OT: I sold my SS ref 705 couple months ago with extra parts, including the FEB's your having an issue with


----------



## Audiophyle (Aug 8, 2009)

djtsmith007 said:


> If you need actual circuit schematics let me know. I have the ones for the Reference 705 and Continuum which are the same.


That would be great to have a copy of, PM'd email address.


----------



## Matt K (Mar 4, 2010)

I'm the amp's owner...he finally decided to call it quits trying to figure it out. Is anyone else out there willing to try? I've got plenty of time... Feel free to email me at [email protected]


----------



## daveds50 (Jun 10, 2011)

Matt K said:


> I'm the amp's owner...he finally decided to call it quits trying to figure it out. Is anyone else out there willing to try? I've got plenty of time... Feel free to email me at [email protected]

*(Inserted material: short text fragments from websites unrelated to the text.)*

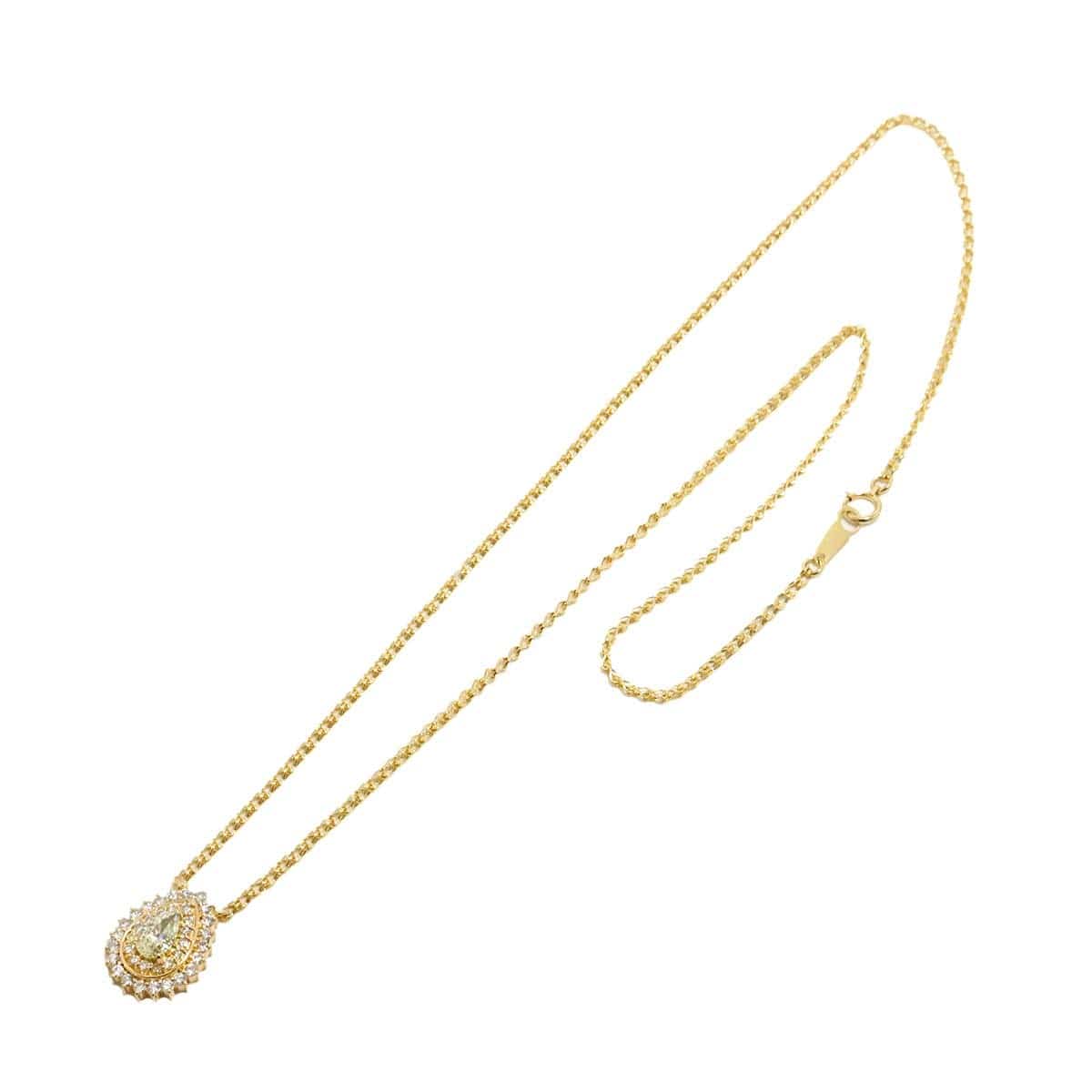 Unbranded Diamond 0.55ct/0.64ct Necklace 18K YG Yellow Gold 750 90304593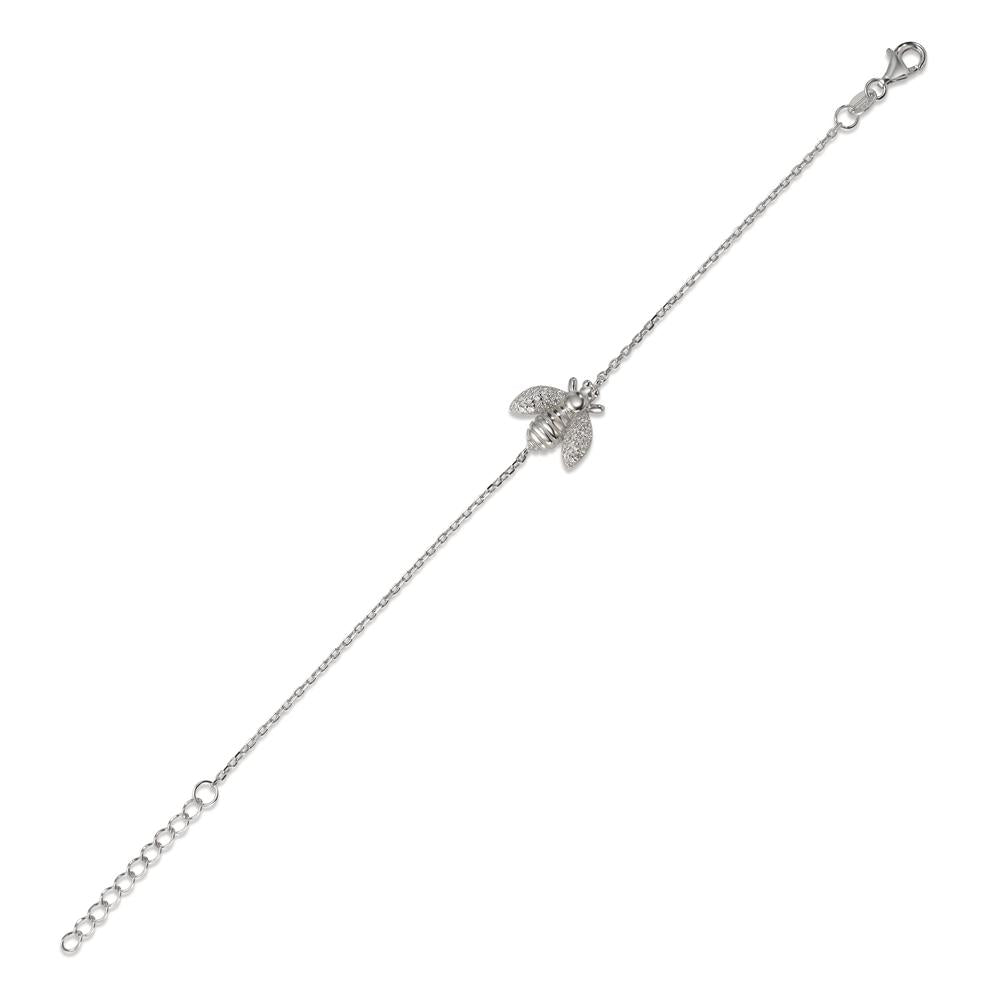 Armbånd Sølv Zirconia rhodineret Bi 16-19 cm Ø14 mm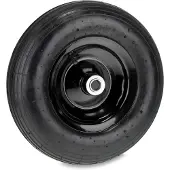 Dripio Schubkarrenrad 3.50-6, Luftreifen, Stahlfelge, 120 kg, schwarz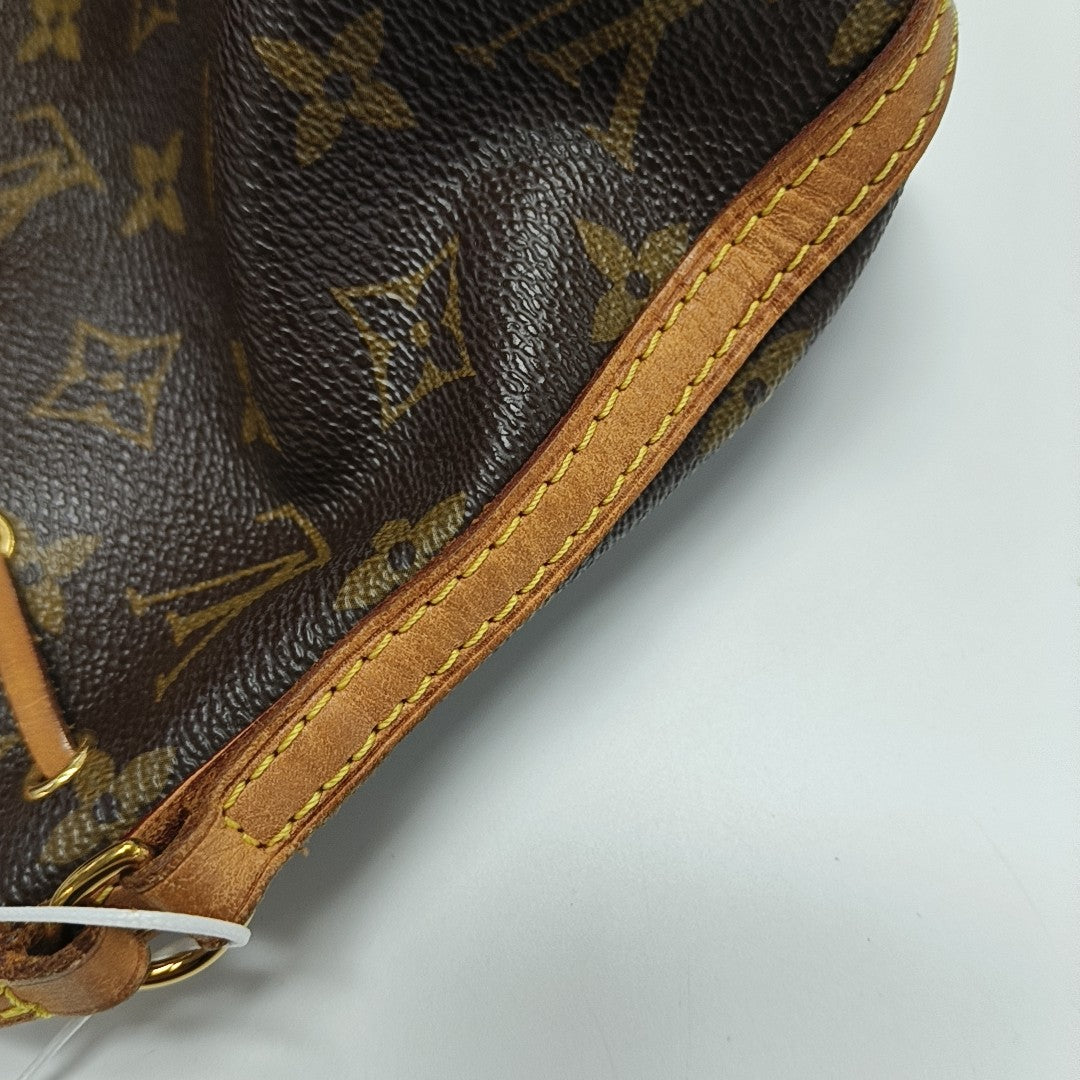 NÉONOÉ Nano Monogram Coated Canvas Brown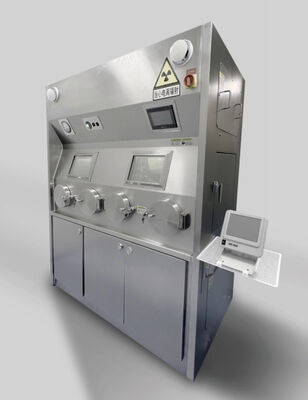 Gamma ve X-ışını koruma F18 sıcak hücre dayanıklı galvanizli çelik ve kurşun plaka ile radyasyon koruma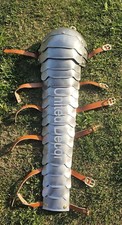18ga Arm LARP Guard Armor Steel Bracers SCA Armour Medieval Costume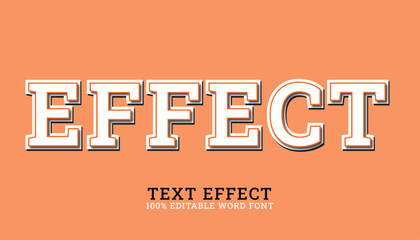 Editable text style - white text style theme.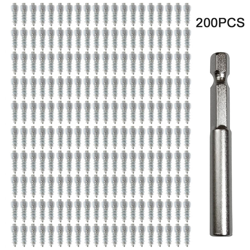 200 pezzi vite vite 12mm auto SUV ATV vite antiscivolo pneumatico neve pneumatico chiodo ricambi auto e strumenti di installazione en oferta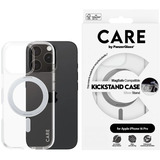 PanzerGlass Kickstand Case, Handyhülle transparent/silber, iPhone 16 Pro, MagSafe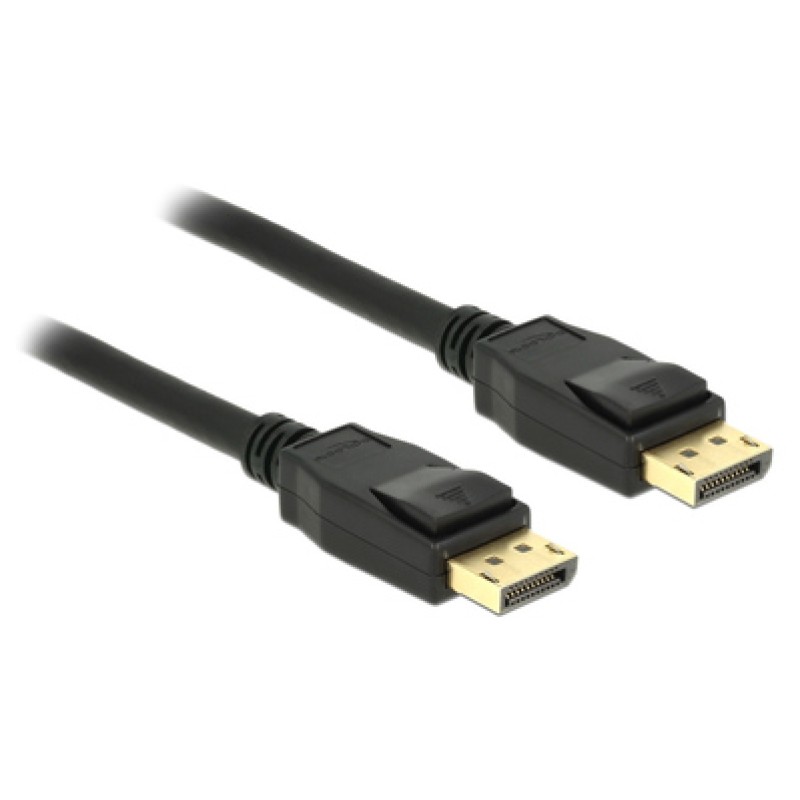 DELOCK DELOCK καλώδιο DisplayPort 1.2 83806, 4K/60Hz, 21.6 Gbps, 2m, μαύρο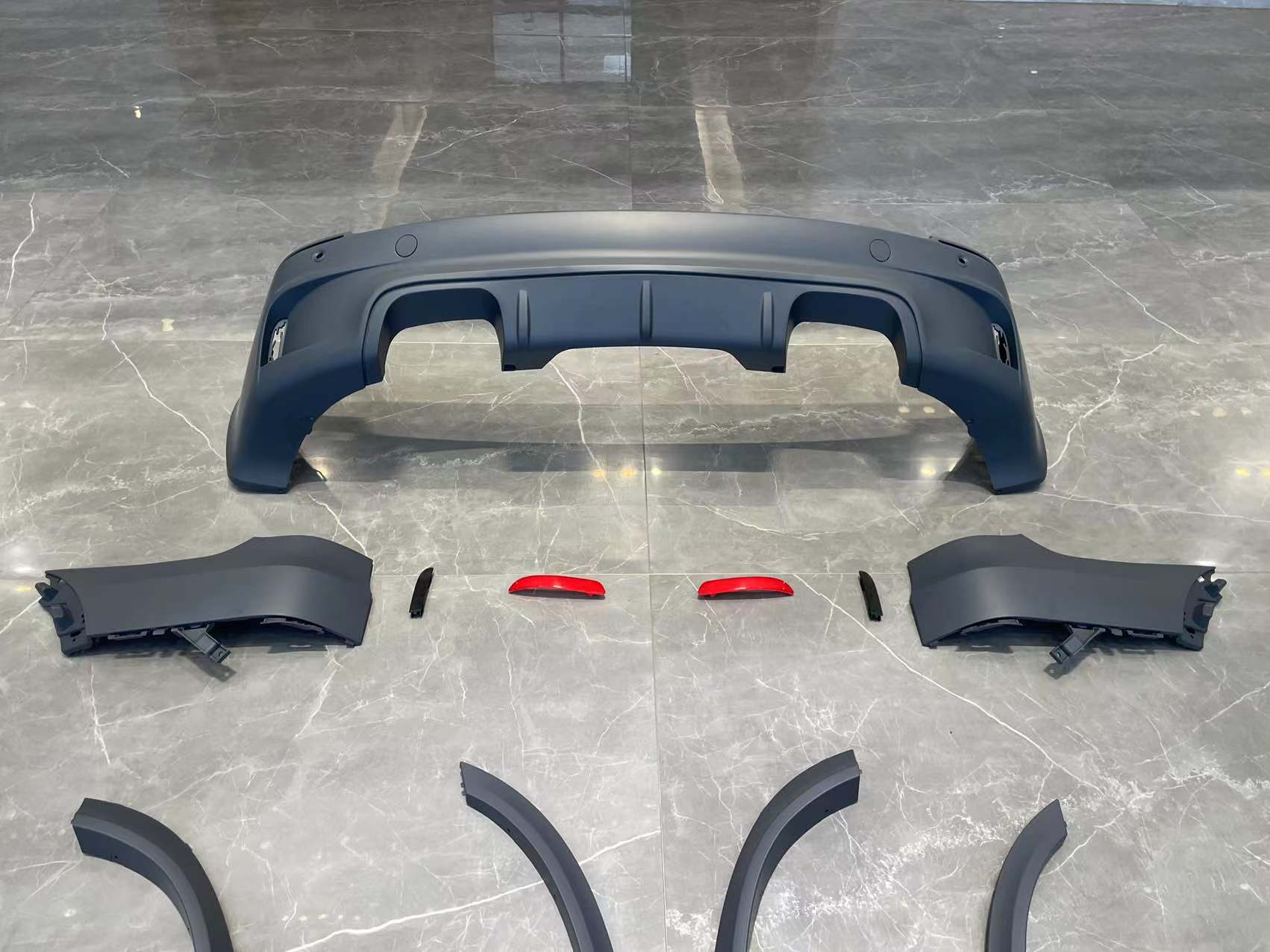 Conversion Body Kit For BMW X5 E70 2006 - 2013 to BMW X5M E70  Set include:   Front Bumper With Grilles Fenders Wheel Liners Rear Bumper Material: Plastic PP  NOTE: Professional installation is required 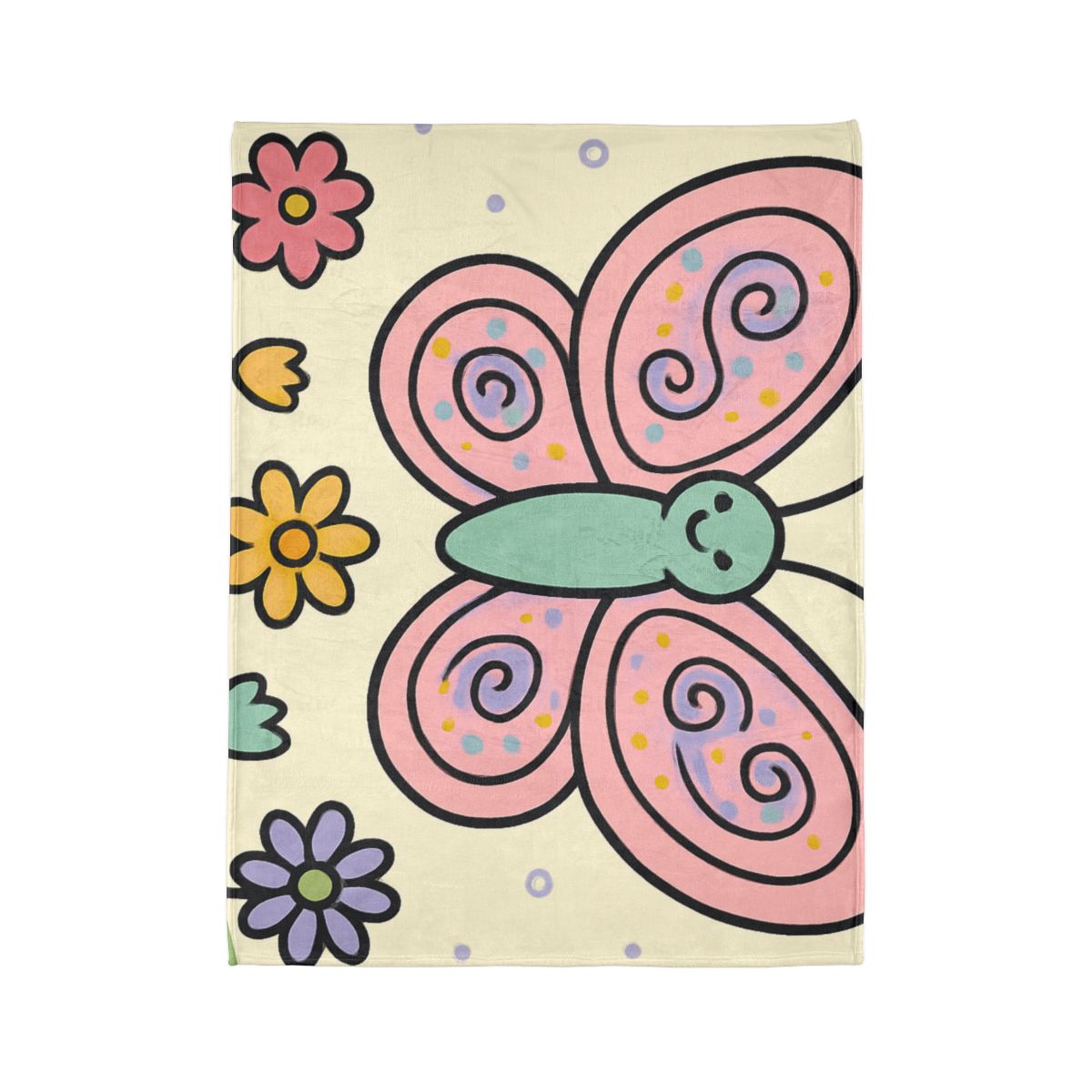 Cosmic Garden Butterfly designer printed blankets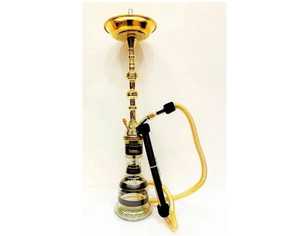 Narguile de Latón Egipcio de Lujo Farida, 75 cm, de Alta Gama, con Acabado Lacado de Dos Niveles, Latón Macizo con Óxido de Cobre - Product Image 3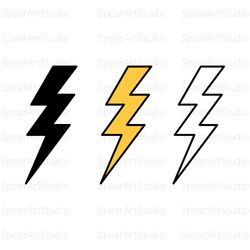 lightning bolt svg, thunder shock svg, thunder cut file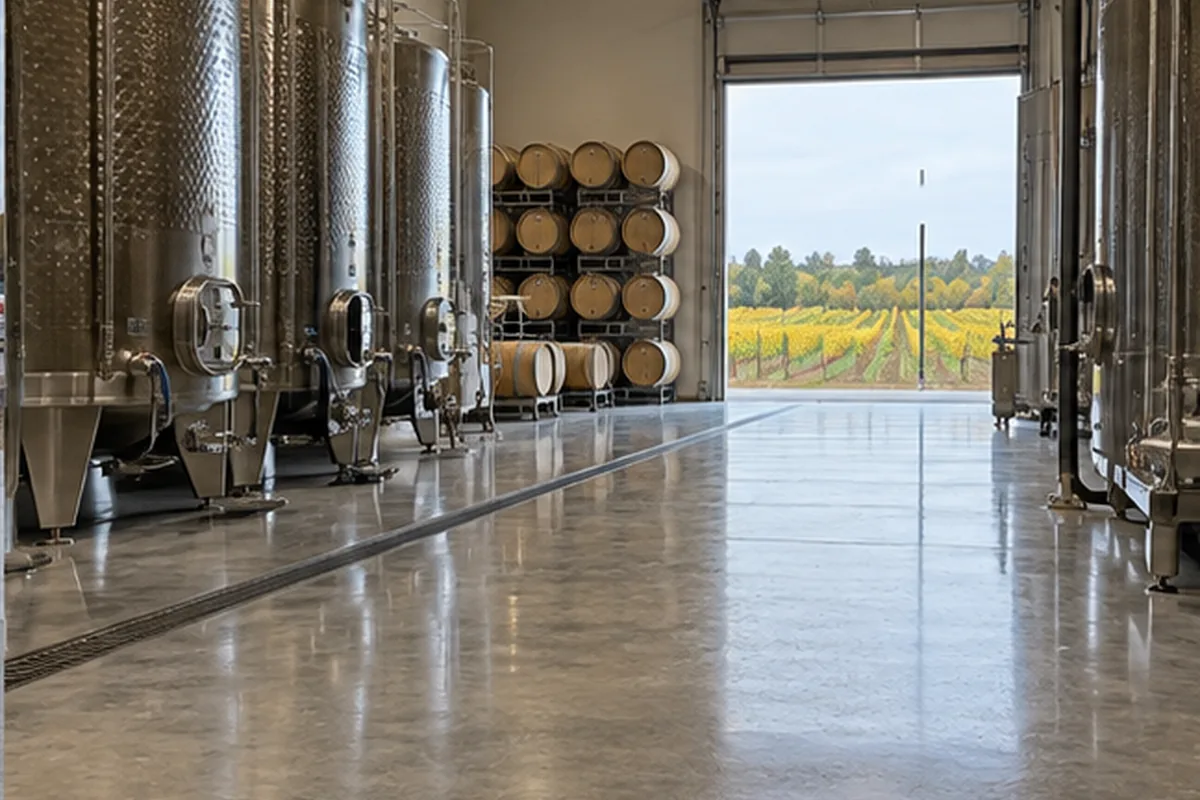 Commercial Concrete Slabs & Floors active worksite overview in Belleville, Bay of Quinte, and Prince Edward County, Ontario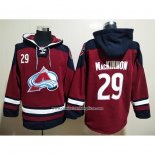 Sudaderas con Capucha Colorado Avalanche Nathan Mackinnon Rojo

 heh, iv'e worked on so many Soundstreams, including about 20 Continuums, that they hurt my head.  
i could take it on... i have all the parts needed in stock.


----------



## Matt K (Mar 4, 2010)

daveds50 said:


> heh, iv'e worked on so many Soundstreams, including about 20 Continuums, that they hurt my head.
> i could take it on... i have all the parts needed in stock.


Emailed you, thanks!


----------